# Thanks to all



## Steve & Wheezy (Feb 4, 2009)

Just wanted to say hi to all. Whez & I have been evesdropping on your page for a couple of months, very informative and entertaining. Thinking about retiring down your way in the future, but both of us have moms, mid 80's who need us here for now. We still get away to mexico on vacations. Always been to the carribean side but now planning retirement to the pacific side or maybe Lake Chapala due to what sounds like perfect weather. Beach and lake bums, have a small trailer on Table Rock lake near the Arkansas border, but thinking its time for one last adventure. Taking a month this summer will visit Lake Chapala first, then Manzanillo and back up the Pacific coast, would like to buy you all a cocktail when we're down, will make a plan later in the summer. RV ******, where can I find your book, just finished ****** in Paradise and On Mexico Time? Do any of you have any experience with "International Livings Seminars", just wonder if their information is worth the high cost? 
Thanks to all for the info and insight. Steve & Wheezy


----------



## RVGRINGO (May 16, 2007)

Welcome to the forum. It is always good to hear that it has been both informative and entertaining. That's also the purpose of "Streets of Glass" and I've sent you a message with the details you requested so that you can order a copy.
We'll also be happy to accept your offer to sit by the lake with a cool one when you get here.
Good luck with your travels.


----------



## HolyMole (Jan 3, 2009)

*Actual Expats or Wannabe Expats?*

Just curious about the significance of the flag identifiers.

From Steve & Wheezy's text, it's clear they do not live in Mexico, yet the flags say they are originally from the US and are Expats in Mexico.

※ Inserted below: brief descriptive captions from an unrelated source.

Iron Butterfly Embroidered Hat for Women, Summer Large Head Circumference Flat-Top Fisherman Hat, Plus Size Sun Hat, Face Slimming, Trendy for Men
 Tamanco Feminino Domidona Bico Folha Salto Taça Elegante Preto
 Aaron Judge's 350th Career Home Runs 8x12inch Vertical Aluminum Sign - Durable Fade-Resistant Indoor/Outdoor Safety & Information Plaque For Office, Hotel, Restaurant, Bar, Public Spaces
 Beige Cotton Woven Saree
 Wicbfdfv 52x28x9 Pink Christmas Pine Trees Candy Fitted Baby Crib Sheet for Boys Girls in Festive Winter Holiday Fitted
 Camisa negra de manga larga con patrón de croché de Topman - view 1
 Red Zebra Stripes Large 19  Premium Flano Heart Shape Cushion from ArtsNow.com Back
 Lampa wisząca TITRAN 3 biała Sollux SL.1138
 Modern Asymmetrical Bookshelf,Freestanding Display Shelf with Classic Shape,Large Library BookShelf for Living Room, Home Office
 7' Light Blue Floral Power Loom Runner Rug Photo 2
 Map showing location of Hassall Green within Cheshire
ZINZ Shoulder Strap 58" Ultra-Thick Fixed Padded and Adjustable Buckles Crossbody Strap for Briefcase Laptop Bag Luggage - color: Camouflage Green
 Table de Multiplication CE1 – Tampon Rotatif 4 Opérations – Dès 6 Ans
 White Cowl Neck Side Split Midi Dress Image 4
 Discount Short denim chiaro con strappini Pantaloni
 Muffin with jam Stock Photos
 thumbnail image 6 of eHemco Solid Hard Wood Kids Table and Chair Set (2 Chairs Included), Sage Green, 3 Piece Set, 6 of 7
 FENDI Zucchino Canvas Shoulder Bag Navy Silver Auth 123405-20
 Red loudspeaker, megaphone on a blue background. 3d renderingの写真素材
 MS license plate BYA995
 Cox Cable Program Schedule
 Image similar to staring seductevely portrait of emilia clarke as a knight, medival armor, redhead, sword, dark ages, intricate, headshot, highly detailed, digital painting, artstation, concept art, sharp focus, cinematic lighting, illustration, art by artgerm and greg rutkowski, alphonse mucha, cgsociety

I live in Canada and try to spend 6 months/year in Mexico as a tourist. I'm thinking of permanently moving to Mexico. Should I add my flags too?


----------



## HolyMole (Jan 3, 2009)

*When in doubt, read the instructions*



HolyMole said:


> Just curious about the significance of the flag identifiers.
> 
> From Steve & Wheezy's text, it's clear they do not live in Mexico, yet the flags say they are originally from the US and are Expats in Mexico.
> 
> I live in Canada and try to spend 6 months/year in Mexico as a tourist. I'm thinking of permanently moving to Mexico. Should I add my flags too?


Ah, I get it now. Gotta amend my identifiers too.


----------



## RVGRINGO (May 16, 2007)

I would suggest that you use only your 'home flag' unless you are actually in Mexico. So, if you are a permanent resident you can use the Mexican flag all the time. If you are a tourist, snowbird or other 'part-timer', why not add the Mexican flag when you are here and remove it when you are at home.


----------



## Steve & Wheezy (Feb 4, 2009)

*RV Reply*



RVGRINGO said:


> I would suggest that you use only your 'home flag' unless you are actually in Mexico. So, if you are a permanent resident you can use the Mexican flag all the time. If you are a tourist, snowbird or other 'part-timer', why not add the Mexican flag when you are here and remove it when you are at home.


RV ******: Thanks, got it & got it, my bad on the mexican flag, think thats a great suggestion though, only fly the flag when your in country. That way we'll know where everyones at, at the time of the responce. Didn't mean to mess things up guys. Hope all are well. Steve & Wheezy


----------